This repository is the official implementation of Conformal Bayesian Computation.
To install requirements and the conformal_bayes
package, run the following in the main folder:
python3 setup.py install
If the above does not work, then please run the following instead:
pip install .
This should install all dependencies needed. We have only tested this on Python 3.7.5, and for reproducibility we have used jax (0.2.13)
and jaxlib (0.1.66)
. We recommend creating a new virtualenv/conda environment before installing the package, and using the latest verson of setuptools
or pip
.
We have included PyMC3 as a dependency for conformal_bayes
for convenience, but computing conformal Bayesian intervals only requires JAX. If you pip fails to install PyMC3, please take a look at the installation instructions in the sidebar here. If PyMC3 returns errors related to multiprocessing, try seting chains = 1
in the MCMC scripts (with _mcmc.py
).
The required datasets are self-contained in this repo. We have provided the Radon dataset (Gelman and Hill (2006)) and Parkinsons dataset (Little et al. (2008)) in the ./data
folder, and other datasets are already available in sklearn
or are simulated.
To carry out all experiments in the paper, run this command:
python3 train.py
This will run all the MCMC examples and compute all intervals over 50 repetitions by calling functions in ./run_expts
. The functions in this folder are split between MCMC scripts (with _mcmc.py
) and conformal scripts (with _conformal.py
).
The posterior samples will be saved in ./samples
and intervals/coverage/timings will be saved in ./results
.
To load and print all the coverage/length/timing results, run:
python3 eval.py
This script will load the results in the ./results
folder, and print them in a similar format to the tables in the paper. Note that the evaluation (such as computing coverage/length) is actually computed in the _conformal.py
functions.
Note that running MCMC will take a significant amount of time, but we are only able to provide posterior samples from the diabetes example to keep within file size limits. However, we have included the results folder so running the evaluation script will still work without fitting the models.

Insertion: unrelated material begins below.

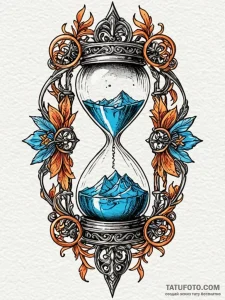 A detailed broken hourglass, time stopped,, t... - эскиз тату (№1752247499_0, 11.07.2025 15:24) — Tatufoto.com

We also provide a few Jupyter notebooks for producing the plots, which rely on the ./results
folder.
Gelman, A., & Hill, J. (2006). Data analysis using regression and multilevel/hierarchical models. Cambridge university press.
Little, M., McSharry, P., Hunter, E., Spielman, J., & Ramig, L. (2008). Suitability of dysphonia measurements for telemonitoring of Parkinson’s disease. Nature Precedings, 1-1.